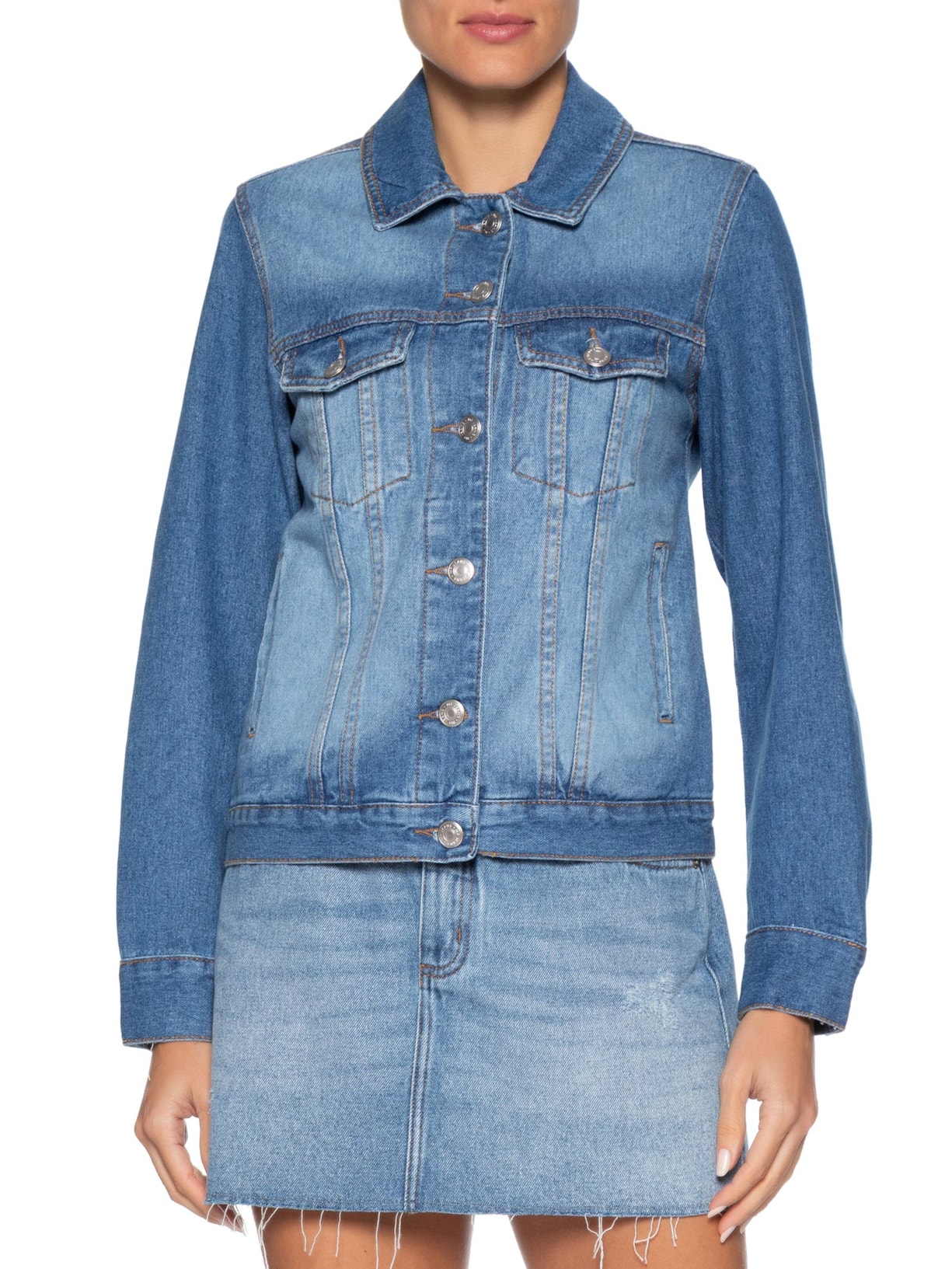 Jaqueta Feminina Jeans Desgastes Vintage Azul Maria Filó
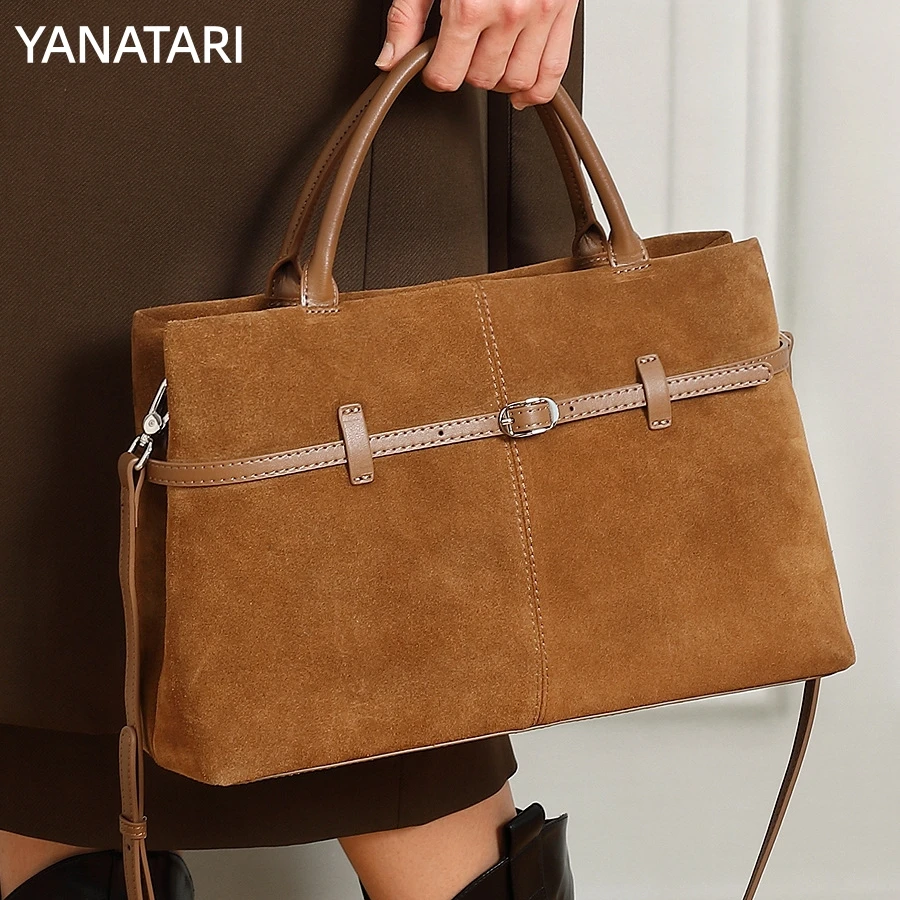 YANATARI натуральная кожа большая вместительная минималистичная сумка-тоут женская роскошная сумка через плечо из матовой кожи сумка через плечо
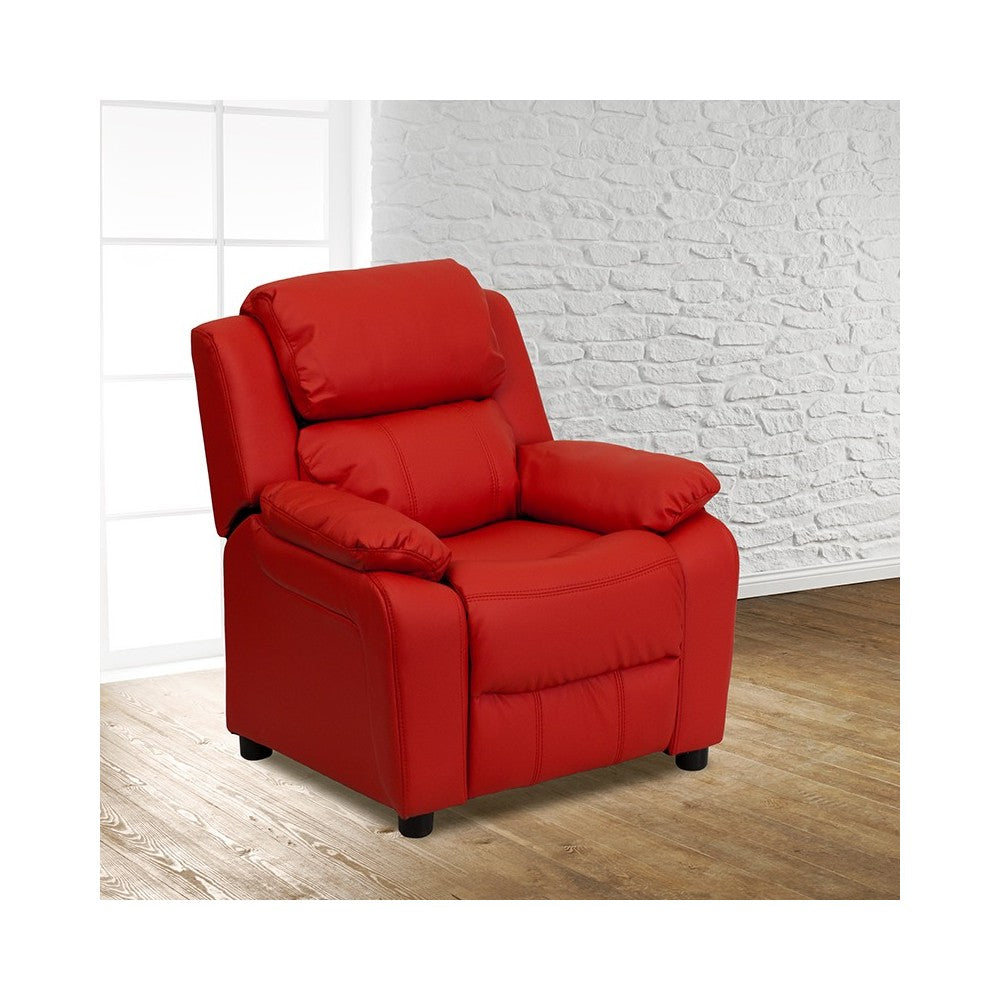 Deluxe Padded Contemporary Red Vinyl Kids Recliner with Storage Arms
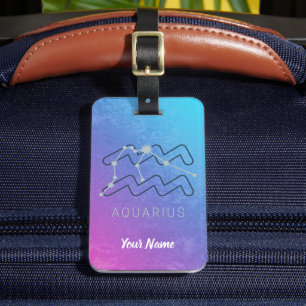 Aquarius Zodiac Star Sign Horoscope Constellation Luggage Tag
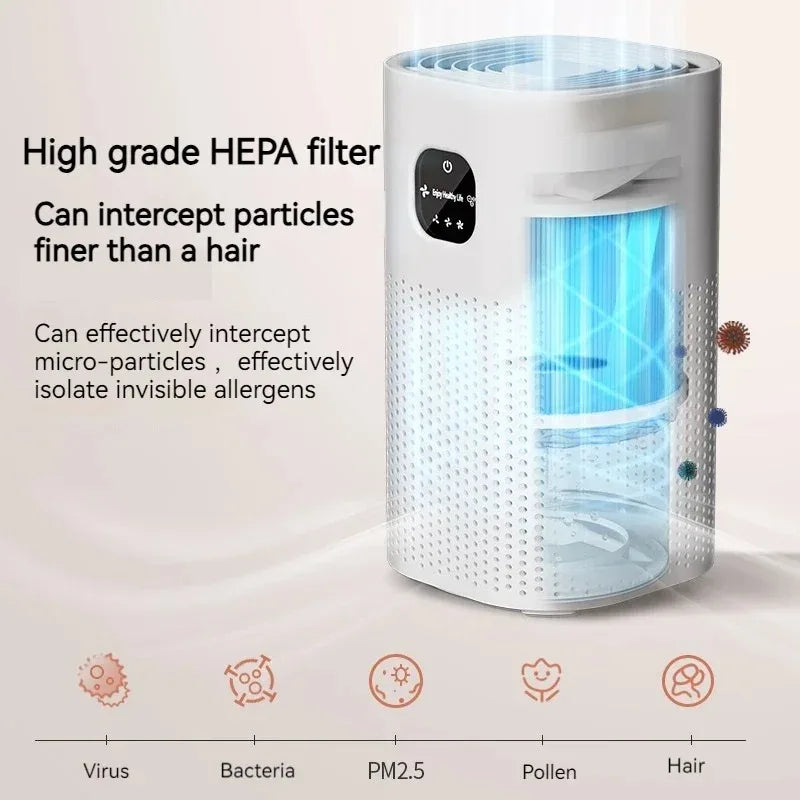 Negative Ion Air Purifier With HEPA Filter Smoke Remover Air Cleaner Negative Ion Purification Machine Odor Eliminator Machine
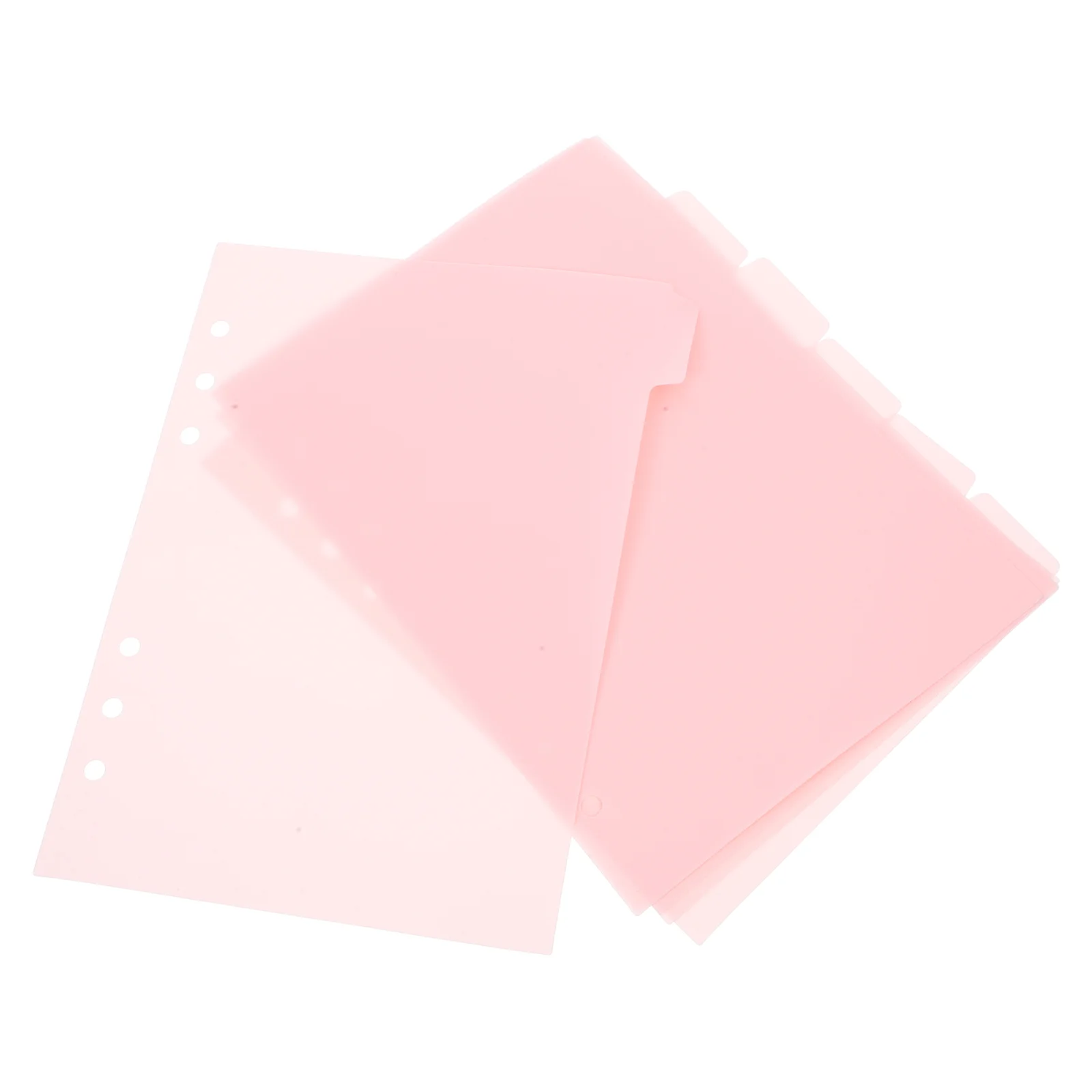 

6 Pcs A5 Binder Notebook Separated Pages Tab Dividers Colored Tabs Detachable Sticker Notepad Pink Index Travel
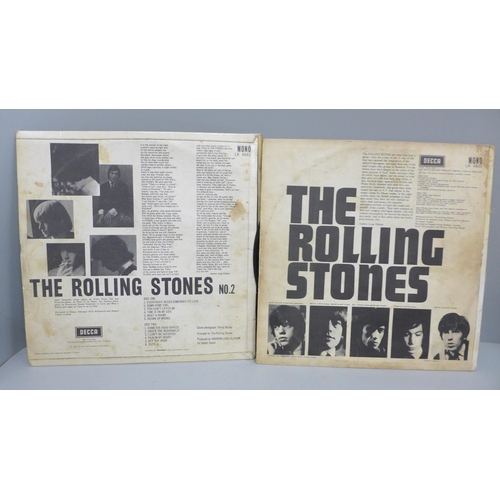 669 - Three early The Rolling Stones LP records, After Math, first and second albums (LK4605 1A/5A pressin...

== == ==

Task to complete: Keep every word of the lines above unchanged in the copy, and omit the pictures.

Expected answer:
 Jaqueta Feminina Jeans Desgastes Vintage Azul Maria Filó
 YANATARI натуральная кожа большая вместительная минималистичная сумка-тоут женская роскошная сумка через плечо из матовой кожи сумка через плечо
 Deluxe Padded Contemporary Red Vinyl Kids Recliner with Storage Arms
 Aquarius Zodiac Star Sign Horoscope Constellation Luggage Tag
 Negative Ion Air Purifier With HEPA Filter Smoke Remover Air Cleaner Negative Ion Purification Machine Odor Eliminator Machine

6 Pcs A5 Binder Notebook Separated Pages Tab Dividers Colored Tabs Detachable Sticker Notepad Pink Index Travel
 669 - Three early The Rolling Stones LP records, After Math, first and second albums (LK4605 1A/5A pressin...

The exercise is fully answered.